(Short web captions)

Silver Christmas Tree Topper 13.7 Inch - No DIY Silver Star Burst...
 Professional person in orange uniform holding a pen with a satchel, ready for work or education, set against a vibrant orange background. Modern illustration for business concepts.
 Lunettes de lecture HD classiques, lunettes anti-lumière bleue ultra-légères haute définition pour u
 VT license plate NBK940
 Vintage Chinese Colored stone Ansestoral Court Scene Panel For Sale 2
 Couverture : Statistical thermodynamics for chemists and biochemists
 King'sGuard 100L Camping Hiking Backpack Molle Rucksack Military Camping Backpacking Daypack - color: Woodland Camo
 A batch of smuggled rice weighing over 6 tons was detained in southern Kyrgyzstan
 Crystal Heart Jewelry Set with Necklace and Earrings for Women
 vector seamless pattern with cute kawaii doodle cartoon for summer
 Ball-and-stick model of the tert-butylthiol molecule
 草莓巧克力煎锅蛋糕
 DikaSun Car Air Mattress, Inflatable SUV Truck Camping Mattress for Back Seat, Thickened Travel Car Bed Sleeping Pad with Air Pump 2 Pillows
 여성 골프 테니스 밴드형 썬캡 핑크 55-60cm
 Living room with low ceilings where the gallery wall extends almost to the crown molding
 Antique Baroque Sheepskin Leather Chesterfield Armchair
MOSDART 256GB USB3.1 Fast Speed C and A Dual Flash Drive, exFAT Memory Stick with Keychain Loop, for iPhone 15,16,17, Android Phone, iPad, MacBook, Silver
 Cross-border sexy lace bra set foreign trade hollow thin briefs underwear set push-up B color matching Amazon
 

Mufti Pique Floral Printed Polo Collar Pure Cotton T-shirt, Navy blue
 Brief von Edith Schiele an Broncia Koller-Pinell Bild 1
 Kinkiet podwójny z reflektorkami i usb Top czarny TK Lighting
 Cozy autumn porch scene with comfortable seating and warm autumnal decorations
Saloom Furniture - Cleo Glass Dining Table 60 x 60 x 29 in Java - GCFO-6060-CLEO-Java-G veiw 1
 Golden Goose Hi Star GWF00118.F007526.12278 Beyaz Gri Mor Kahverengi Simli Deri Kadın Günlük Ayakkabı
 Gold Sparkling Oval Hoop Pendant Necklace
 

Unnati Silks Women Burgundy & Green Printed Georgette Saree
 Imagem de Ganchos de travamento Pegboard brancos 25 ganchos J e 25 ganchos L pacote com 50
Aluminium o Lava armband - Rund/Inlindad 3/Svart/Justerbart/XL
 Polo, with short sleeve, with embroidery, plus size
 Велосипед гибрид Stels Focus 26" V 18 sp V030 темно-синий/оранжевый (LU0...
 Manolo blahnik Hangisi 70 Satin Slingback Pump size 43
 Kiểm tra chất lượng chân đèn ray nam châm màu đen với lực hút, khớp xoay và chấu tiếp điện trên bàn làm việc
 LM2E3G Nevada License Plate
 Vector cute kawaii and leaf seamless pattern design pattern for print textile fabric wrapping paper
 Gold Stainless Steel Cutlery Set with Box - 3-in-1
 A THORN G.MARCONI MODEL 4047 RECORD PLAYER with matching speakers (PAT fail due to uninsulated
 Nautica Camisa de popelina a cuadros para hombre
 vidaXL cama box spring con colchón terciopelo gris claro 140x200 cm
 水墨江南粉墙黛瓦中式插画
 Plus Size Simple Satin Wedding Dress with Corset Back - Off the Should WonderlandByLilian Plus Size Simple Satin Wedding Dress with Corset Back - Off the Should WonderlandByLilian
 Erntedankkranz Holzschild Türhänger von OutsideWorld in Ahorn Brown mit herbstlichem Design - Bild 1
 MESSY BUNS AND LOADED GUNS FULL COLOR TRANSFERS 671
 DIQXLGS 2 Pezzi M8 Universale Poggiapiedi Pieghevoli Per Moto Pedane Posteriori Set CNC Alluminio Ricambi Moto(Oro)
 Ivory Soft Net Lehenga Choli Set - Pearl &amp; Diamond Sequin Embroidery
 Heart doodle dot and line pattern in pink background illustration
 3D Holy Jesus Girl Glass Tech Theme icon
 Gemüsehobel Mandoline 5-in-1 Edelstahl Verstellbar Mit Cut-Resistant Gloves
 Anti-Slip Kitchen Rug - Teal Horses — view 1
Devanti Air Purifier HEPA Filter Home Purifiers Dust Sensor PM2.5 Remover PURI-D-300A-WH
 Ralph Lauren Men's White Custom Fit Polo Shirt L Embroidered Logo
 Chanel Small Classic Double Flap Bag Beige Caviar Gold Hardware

How to complete this task: Please give again the lines above between the line holding "Polo, with short" and the line holding "Gold Stainless Steel", inclusive, exactly as they are and with nothing added.

Written solution:
 Polo, with short sleeve, with embroidery, plus size
 Велосипед гибрид Stels Focus 26" V 18 sp V030 темно-синий/оранжевый (LU0...
 Manolo blahnik Hangisi 70 Satin Slingback Pump size 43
 Kiểm tra chất lượng chân đèn ray nam châm màu đen với lực hút, khớp xoay và chấu tiếp điện trên bàn làm việc
 LM2E3G Nevada License Plate
 Vector cute kawaii and leaf seamless pattern design pattern for print textile fabric wrapping paper
 Gold Stainless Steel Cutlery Set with Box - 3-in-1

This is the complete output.